The report found that over the past five years:
- 12% of women and 5% of men surveyed had directly experienced workplace sexual violence
- Of those who directly experienced sexual violence, 52% did not disclose or report it to their employer
- Sexual violence was an ongoing pattern of behaviour rather than a one-off incident for 70% of those who directly experienced it
- Staff on non-permanent contracts were 1.3 times as likely to experience direct sexual violence than those in permanent roles – often because they are PGRs whose careers are reliant on building relationships with more established members of staff, eg on joint publications
- Trans and non-binary staff were at higher risk of directly experiencing sexual violence (1.3 times as likely)
- Staff with disabilities were twice as likely to experience direct sexual violence years as non-disabled staff
- Staff with a sexual orientation other than heterosexual were almost twice as likely (1.9 times) to directly experience sexual violence than their heterosexual peers
‘Power differentials’ between survivors and perpetrators were blamed by many of those surveyed for the prevalence of sexual violence.
One, who didn’t report the incident, said: “This was a member of the senior leadership team with a reputation of being untouchable due [to] his charm and charisma […] The main issue in my experience is how problems with sexual violence are typically dealt with according to the status in the institution of the alleged abuser, i.e. if they are a prof with a large grant record, you may as well forget it.”
Another said: “The institution/department was only concerned with covering up their star lecturer. I was vilified and smeared so that my concerns would be dismissed […] I even had to share an office with him afterwards.”
Jo Grady said the findings showed “shocking levels of institutional failure and reflect a culture in which protecting the reputation of a university or college comes before delivering justice for survivors”.
UCU’s own failings
The report also highlights how UCU’s own process for members reporting sexual violence has failed.
Respondents who had made sexual violence complaints to UCU branches reported inappropriate and inconsistent support, or even access to support being withheld. UCU’s lack of support was particularly pronounced, according to the report, when complaints were made against staff who held a UCU branch position or were long-standing union activists. One respondent said: “UCU rep stopped speaking to me after I raised concerns about a popular colleague.”
UCU says it is already undertaking a review into its own process for members reporting sexual violence, which is due to conclude in January and created a new role for a designated case worker to represent members who have experienced sexual violence. This will be followed by a nationwide campaign in 2022 to raise awareness of the issue.
Following the report, UCU will now also train more representatives as specialists in the area of sexual violence, review practices around the support it gives alleged perpetrators, including ending the negotiation of non-disclosure agreements (NDAs), and introduce a specially drafted sexual violence policy to ensure it is “at the forefront of best practice in dealing with sexual violence complaints”.
Definition of sexual violence
UCU defines sexual violence as a “continuum” running from invasion of personal space and sexual jokes up to sexual assault and rape.
“We recognise that sexual violence is not a legal term, but is used here as an umbrella term to describe various sexual offences,” says UCU, adding that its definition aligns with that used by Universities UK.
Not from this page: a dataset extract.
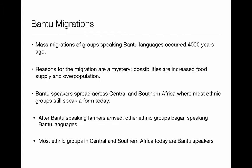Our next topic is the Bantu migrations. The Bantu are another group of people who lived within Africa. They had mass migrations — they're called Bantu because of the language they spoke — about 4,000 years ago. We don't know exactly why they migrated; it could be that they needed to increase food supply, overpopulation, or possibly disease. Bantu speakers spread throughout Central and Southern Africa, where most ethnic groups still speak a form of Bantu today. After Bantu-speaking farmers arrived, other ethnic groups began speaking Bantu languages, and today most ethnic groups in Central and Southern Africa are Bantu speakers.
“We use the term sexual violence to include rape, sexual assault, stalking, revenge porn, as well as a range of everyday behaviours in the online and offline world. This comprises but is not limited to ‘whistling, catcalling, sexual comments, sexual innuendo, telling sexual jokes and stories, spreading rumours about a person’s sex life, non-verbal harassment such as looking someone up and down, displaying pictures of a sexual nature, sending unsolicited communication containing sexual content, making sexual gestures, asking for sexual favours, and physical unwanted sexual advances such as kissing, touching, hugging, stroking, patting of someone’s clothes, body, hair, and rubbing up against someone, where the touching is sexual”.
The report’s proposals
UCU makes several recommendations for employers to implement to reduce levels of sexual violence and increase support for survivors:
- The prevention and resolution of sexual violence should be treated as a health and safety (H&S) matter by universities and colleges
- NDAs with perpetrators must be abandoned, outcomes of complaints disclosed to survivors, and information about disciplinary proceedings included in perpetrators’ references
- Employers should recognise that staff casualisation exacerbates sexual violence and work with UCU to end it
- Proceedings against alleged perpetrators should continue after they have left the institution, where necessary and if the complainant wishes it
- Counselling should be provided for employees who complain about sexual violence and their representatives
- Employers should acknowledge that GDPR does not provide a basis for failing to share outcomes of complaints with survivors, and revise their approach to information-sharing
‘The sector is waking up to the problem’
“We are indebted to the many survivors who have entrusted us with their experiences,” said chair of the UCU sexual violence taskforce Professor Lesley McMillan.
“This groundbreaking report demonstrates the widespread and enduring nature of sexual violence in the workplace and makes clear and concise recommendations for change. The sector is waking up to the problem however it is clear that progress is variable, and in some cases, slow or yet to begin. It is now vital that employers and unions work together to create a university and college sector that is inclusive and safe, prevents these harms from occurring, and offers support and redress when they do. Institutions’ reputations will rest on the extent to which they acknowledge the problem and take steps to address it.
“I would like to thank all those who contributed to the task group surveys, conversations and calls for evidence, contributions which have allowed us to more fully understand the problem of sexual violence and provide concrete recommendations for change. I am incredibly grateful to the members of the task group who approached this work with diligence, sensitivity and thoughtfulness.”
‘Little wonder over half don’t report their abuse at all’
UCU general secretary Jo Grady said: ‘The brave testimony from survivors should mark a turning point in the fight against sexual violence and ring in the ears of college and university leaders who have allowed sexual violence to become endemic on campus.
“The report’s findings reveal shocking levels of institutional failure and reflect a culture in which protecting the reputation of a university or college comes before delivering justice for survivors.
“Survivors say managers are often dismissive towards those reporting sexual violence, complaints processes are hardwired to frustrate claims and non-disclosure agreements are used to silence them, forcing many to leave their employment without justice. With practices like this, it is little wonder over half don’t report their abuse at all.
“The report also demonstrates clearly the extent to which staff on casualised contracts are prevented from speaking up for fear of losing their jobs or not having their short-term contract renewed. These power imbalances belong in the past and universities and colleges must finally recognise that casualisation exacerbates sexual violence and bring staff onto secure contracts.
“It is unfortunately no surprise either that wider social inequalities are reflected in the fact that women, those who are disabled, racialised minorities and those who are LGBT+ and non-binary are more likely to experience sexual violence. We have long assumed this to be the case, but now we have data that demonstrates it. Employers must do more to educate their staff, build genuinely inclusive processes for the reporting of sexual violence, and act when such reports are made.
“The report also makes clear where the union needs to improve its own practices and be accountable to survivors. Some of the recommendations we have already implemented, and I am pleased to be recruiting the union’s first ever specialist sexual violence case worker. I take very seriously my responsibility to take forward other recommendations made for our union, and to get them enacted.
“This report is a gift to our sector and it must not be squandered. It is now time for the union and university and college employers to work together to eradicate sexual violence on campus.”